Pakistan’s membership was suspended in the wake of General Pervez Musharraf’s October 1999 coup. McKinnon said Zimbabwe’s suspension from the Commonwealth councils is unlikely to be lifted before the 54-member body’s summit in December.
Harare was suspended from the Commonwealth’s decision-making councils last year over its human rights record, and after President Robert Mugabe was re-elected in polls widely condemned as rigged. However, the continuing crisis in the southern African country will not be allowed to overshadow the Commonwealth Heads of Government and State Meeting (CHOGM), set for December 5 in the Nigerian capital Abuja, McKinnon told a press briefing here.

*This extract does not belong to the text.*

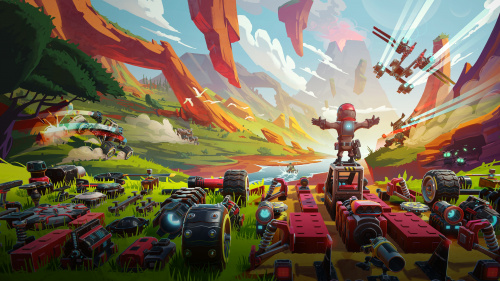 TRAILMAKERS DELUXE EDITION TRAILMAKERS DELUXE EDITION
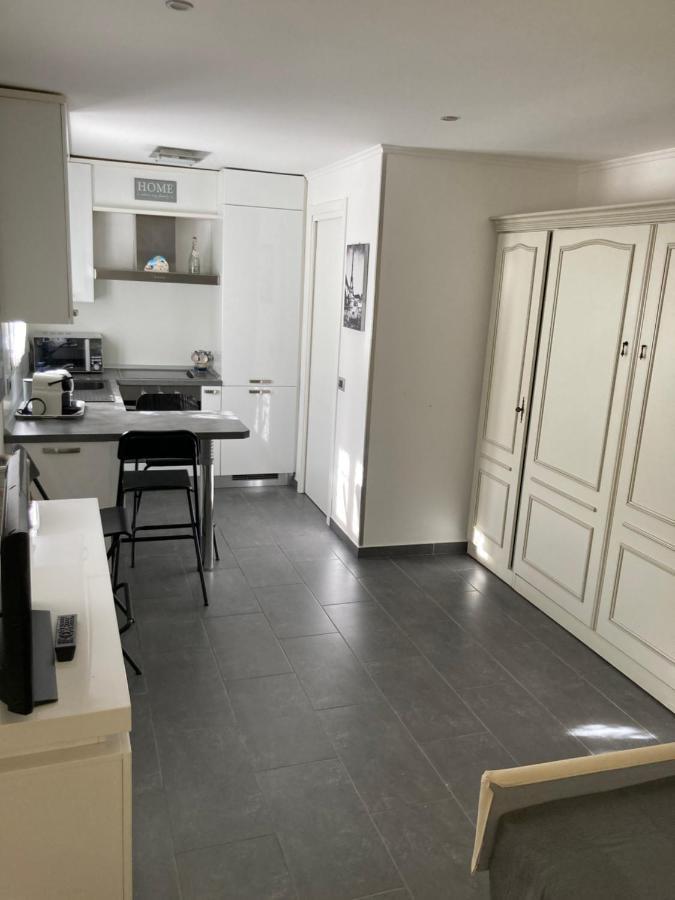 Studio Villa La Cigale Avec Grande Terrasse Menton Kültér fotó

“Regarding Zimbabwe, ... (Commonwealth) countries have proposed that (the meeting) is all about development and democracy,” he said on the last day of a four-country African tour, adding however: “We don’t want the meeting overshadowed by Zimbabwe.”
McKinnon said the Commonwealth meeting under the banner of “Development and Democracy: Partnership for Peace and Prosperity” would look at how the two concepts could be reinforced “for the benefit of all Commonwealth citizens.”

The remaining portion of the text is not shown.